Abelardo de la Espriella: de la abogacía al escenario político
Abelardo de la Espriella inició su actividad profesional como abogado penalista durante la década de 1990. Su principal realización institucional fue la creación de De la Espriella Lawyers Enterprise, firma jurídica que amplió operaciones en varias ciudades de Colombia y estableció relaciones profesionales en el exterior. La consolidación de esta organización le permitió construir reconocimiento nacional desde el ejercicio privado de la profesión.
Actividad editorial y mediática
Paralelamente a su labor jurídica, participó en proyectos editoriales y de comunicación. Publicó libros sobre temas jurídicos y políticos, intervino en espacios de opinión y desarrolló actividades en televisión, radio y plataformas digitales. Estas iniciativas ampliaron su presencia pública más allá de los estrados judiciales.
Movilización ciudadana para la candidatura
Su mayor logro político fue la recolección de aproximadamente 4,8 millones de firmas para respaldar su aspiración presidencial. Este proceso le permitió estructurar una candidatura sin depender inicialmente de la maquinaria de un partido político tradicional, apoyándose en mecanismos de participación ciudadana.
Propuestas de gobierno
Su plataforma política se ha concentrado en seguridad, fortalecimiento de la autoridad estatal, crecimiento económico, generación de empleo y reformas institucionales. Su experiencia proviene principalmente del sector privado, sin haber ocupado cargos de elección popular o responsabilidades en la administración pública.
Iván Cepeda: derechos humanos, Congreso y procesos de paz
Iván Cepeda inició su actividad pública en organizaciones de derechos humanos durante la década de 1990. En 2005 participó en la creación del Movimiento Nacional de Víctimas de Crímenes de Estado (Movice), organización orientada a la defensa, representación y visibilización de víctimas del conflicto armado colombiano.
Trayectoria legislativa
Fue elegido representante a la Cámara para el período 2010-2014 y posteriormente senador de la República desde 2014, siendo reelegido en varias oportunidades. Durante más de una década ha participado en debates relacionados con derechos humanos, conflicto armado, reforma agraria, implementación de acuerdos de paz y políticas sociales.

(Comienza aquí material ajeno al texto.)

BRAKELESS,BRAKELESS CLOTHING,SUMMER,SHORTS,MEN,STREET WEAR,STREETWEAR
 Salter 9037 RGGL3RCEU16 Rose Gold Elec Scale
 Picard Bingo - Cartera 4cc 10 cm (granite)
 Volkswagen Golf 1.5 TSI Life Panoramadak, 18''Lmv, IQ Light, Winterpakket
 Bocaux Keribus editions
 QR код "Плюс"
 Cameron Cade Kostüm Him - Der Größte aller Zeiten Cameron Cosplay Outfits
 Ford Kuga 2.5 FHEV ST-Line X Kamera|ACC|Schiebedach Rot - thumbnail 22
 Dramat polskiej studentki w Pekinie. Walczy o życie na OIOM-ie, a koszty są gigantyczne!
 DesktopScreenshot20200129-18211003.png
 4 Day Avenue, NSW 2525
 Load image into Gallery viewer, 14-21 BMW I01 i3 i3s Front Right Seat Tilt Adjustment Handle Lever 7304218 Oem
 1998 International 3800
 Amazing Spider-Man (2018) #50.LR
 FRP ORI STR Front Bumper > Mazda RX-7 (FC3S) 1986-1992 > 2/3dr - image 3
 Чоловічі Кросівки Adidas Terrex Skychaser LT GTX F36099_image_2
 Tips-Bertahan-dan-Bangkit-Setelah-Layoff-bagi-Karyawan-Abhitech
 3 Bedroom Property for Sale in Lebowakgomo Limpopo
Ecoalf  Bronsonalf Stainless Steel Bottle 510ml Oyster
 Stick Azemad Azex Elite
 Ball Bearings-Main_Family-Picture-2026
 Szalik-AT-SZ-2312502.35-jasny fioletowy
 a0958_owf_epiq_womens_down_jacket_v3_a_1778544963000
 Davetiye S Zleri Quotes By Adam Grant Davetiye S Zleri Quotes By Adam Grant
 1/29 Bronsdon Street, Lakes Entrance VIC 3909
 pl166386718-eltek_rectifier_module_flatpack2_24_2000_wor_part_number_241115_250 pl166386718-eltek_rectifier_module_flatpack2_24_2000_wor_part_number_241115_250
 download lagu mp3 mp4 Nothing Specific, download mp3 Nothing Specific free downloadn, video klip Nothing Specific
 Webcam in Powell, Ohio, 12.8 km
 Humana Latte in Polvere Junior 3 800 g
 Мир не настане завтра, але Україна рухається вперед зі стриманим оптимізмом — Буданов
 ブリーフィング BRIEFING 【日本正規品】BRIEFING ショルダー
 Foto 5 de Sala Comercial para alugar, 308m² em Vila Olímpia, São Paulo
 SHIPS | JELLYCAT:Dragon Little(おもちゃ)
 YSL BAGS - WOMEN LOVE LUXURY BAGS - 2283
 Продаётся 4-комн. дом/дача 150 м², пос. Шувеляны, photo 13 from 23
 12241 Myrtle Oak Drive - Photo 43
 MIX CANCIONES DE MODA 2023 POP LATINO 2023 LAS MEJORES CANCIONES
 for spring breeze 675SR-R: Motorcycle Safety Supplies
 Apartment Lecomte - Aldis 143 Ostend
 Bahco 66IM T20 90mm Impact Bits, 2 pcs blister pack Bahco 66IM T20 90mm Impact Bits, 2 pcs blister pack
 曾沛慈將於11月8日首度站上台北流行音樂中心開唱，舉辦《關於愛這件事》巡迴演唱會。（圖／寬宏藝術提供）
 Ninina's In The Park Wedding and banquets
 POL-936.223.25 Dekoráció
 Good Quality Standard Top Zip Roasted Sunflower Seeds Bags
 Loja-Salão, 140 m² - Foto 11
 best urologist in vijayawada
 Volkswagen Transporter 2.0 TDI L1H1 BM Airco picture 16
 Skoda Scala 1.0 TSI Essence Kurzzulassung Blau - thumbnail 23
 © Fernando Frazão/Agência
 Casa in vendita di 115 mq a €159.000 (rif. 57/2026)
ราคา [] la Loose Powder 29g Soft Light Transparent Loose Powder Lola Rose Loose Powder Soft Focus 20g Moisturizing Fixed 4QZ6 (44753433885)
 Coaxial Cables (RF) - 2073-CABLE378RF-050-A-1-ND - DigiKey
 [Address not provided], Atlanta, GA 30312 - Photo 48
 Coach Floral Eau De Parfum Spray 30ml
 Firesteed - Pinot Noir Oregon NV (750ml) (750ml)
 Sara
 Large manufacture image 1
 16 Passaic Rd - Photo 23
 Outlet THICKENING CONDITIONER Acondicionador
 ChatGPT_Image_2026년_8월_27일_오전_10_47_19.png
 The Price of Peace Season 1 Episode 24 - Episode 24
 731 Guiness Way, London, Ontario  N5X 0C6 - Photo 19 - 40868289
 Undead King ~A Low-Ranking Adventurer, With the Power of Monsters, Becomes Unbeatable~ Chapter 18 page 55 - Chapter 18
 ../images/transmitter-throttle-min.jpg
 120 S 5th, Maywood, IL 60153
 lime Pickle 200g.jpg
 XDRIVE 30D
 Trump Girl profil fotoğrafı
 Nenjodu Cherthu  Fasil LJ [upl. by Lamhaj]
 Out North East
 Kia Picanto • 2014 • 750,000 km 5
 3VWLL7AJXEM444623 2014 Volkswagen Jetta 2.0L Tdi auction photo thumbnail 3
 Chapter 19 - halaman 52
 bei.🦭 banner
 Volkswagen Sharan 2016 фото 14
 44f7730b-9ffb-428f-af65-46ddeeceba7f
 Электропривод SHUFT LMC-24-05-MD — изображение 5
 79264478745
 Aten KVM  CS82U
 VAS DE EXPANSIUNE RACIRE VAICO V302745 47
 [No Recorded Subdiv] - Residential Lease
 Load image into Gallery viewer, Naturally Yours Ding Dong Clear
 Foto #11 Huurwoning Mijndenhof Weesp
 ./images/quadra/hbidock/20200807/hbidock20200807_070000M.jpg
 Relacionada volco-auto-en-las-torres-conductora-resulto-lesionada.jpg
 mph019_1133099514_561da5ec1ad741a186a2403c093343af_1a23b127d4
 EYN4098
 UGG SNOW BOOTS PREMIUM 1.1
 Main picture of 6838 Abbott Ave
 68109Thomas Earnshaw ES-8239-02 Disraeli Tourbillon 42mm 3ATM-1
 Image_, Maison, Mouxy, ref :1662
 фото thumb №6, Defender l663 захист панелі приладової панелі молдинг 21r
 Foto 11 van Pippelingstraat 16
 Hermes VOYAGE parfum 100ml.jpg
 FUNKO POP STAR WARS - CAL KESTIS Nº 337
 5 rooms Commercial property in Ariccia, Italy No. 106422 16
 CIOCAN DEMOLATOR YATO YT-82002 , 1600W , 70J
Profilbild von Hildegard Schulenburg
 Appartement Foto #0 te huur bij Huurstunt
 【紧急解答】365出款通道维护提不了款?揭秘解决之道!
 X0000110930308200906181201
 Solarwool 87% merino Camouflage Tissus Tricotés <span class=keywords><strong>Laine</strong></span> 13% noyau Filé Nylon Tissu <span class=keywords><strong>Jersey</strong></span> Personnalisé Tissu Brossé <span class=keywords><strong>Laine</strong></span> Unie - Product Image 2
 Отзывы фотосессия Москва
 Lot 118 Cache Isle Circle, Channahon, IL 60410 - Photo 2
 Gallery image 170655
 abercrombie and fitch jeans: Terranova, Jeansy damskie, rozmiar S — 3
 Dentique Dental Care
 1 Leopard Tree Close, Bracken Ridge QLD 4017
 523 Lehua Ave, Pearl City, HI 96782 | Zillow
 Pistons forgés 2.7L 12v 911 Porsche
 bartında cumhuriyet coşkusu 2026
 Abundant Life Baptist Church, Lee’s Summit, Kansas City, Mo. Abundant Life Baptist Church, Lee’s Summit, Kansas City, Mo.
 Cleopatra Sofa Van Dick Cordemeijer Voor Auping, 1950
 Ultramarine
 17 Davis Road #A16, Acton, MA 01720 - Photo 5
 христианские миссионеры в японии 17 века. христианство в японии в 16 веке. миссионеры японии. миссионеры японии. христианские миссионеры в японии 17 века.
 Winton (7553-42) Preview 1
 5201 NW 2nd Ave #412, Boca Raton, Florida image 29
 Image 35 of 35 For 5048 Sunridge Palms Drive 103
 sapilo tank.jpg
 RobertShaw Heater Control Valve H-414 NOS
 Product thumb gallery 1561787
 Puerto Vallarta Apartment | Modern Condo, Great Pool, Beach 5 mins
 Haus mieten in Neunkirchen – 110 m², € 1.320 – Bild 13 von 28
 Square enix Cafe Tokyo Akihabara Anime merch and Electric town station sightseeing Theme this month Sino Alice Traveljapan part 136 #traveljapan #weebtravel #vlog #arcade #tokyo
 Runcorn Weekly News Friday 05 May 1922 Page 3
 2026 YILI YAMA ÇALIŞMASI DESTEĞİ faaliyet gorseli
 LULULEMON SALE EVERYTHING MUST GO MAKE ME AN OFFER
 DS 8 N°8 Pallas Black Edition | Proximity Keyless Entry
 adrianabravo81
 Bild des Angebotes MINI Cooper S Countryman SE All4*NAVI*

Participación en iniciativas de paz
Entre sus principales realizaciones figura su participación en las comisiones de paz del Congreso. También actuó como facilitador en contactos y diálogos relacionados con negociaciones entre el Estado colombiano y grupos armados como las Farc y el Eln, respaldando mecanismos de solución política del conflicto.
Reconocimientos por su labor pública
Su trabajo en favor de los derechos humanos y las víctimas le ha significado reconocimientos nacionales e internacionales. Estas distinciones han estado vinculadas a su actividad en temas de memoria histórica, verdad, justicia y reparación.
Dos experiencias para gobernar
La principal diferencia entre ambos candidatos radica en el origen de sus realizaciones. De la Espriella construyó su trayectoria desde el ejercicio profesional, la creación de empresa y la organización de una candidatura apoyada en firmas ciudadanas. Sus logros están asociados a la gestión privada y a propuestas centradas en seguridad y crecimiento económico.
Cepeda desarrolló su carrera en organizaciones sociales, la defensa de derechos humanos y el Congreso de la República. Sus realizaciones están vinculadas a la representación política, la defensa de las víctimas y la participación en procesos de paz.
La comparación no solo enfrenta dos candidatos, sino dos experiencias distintas de liderazgo público. Una proviene del sector privado y del ejercicio profesional; la otra, de la actividad legislativa, los movimientos sociales y la búsqueda de soluciones negociadas al conflicto armado.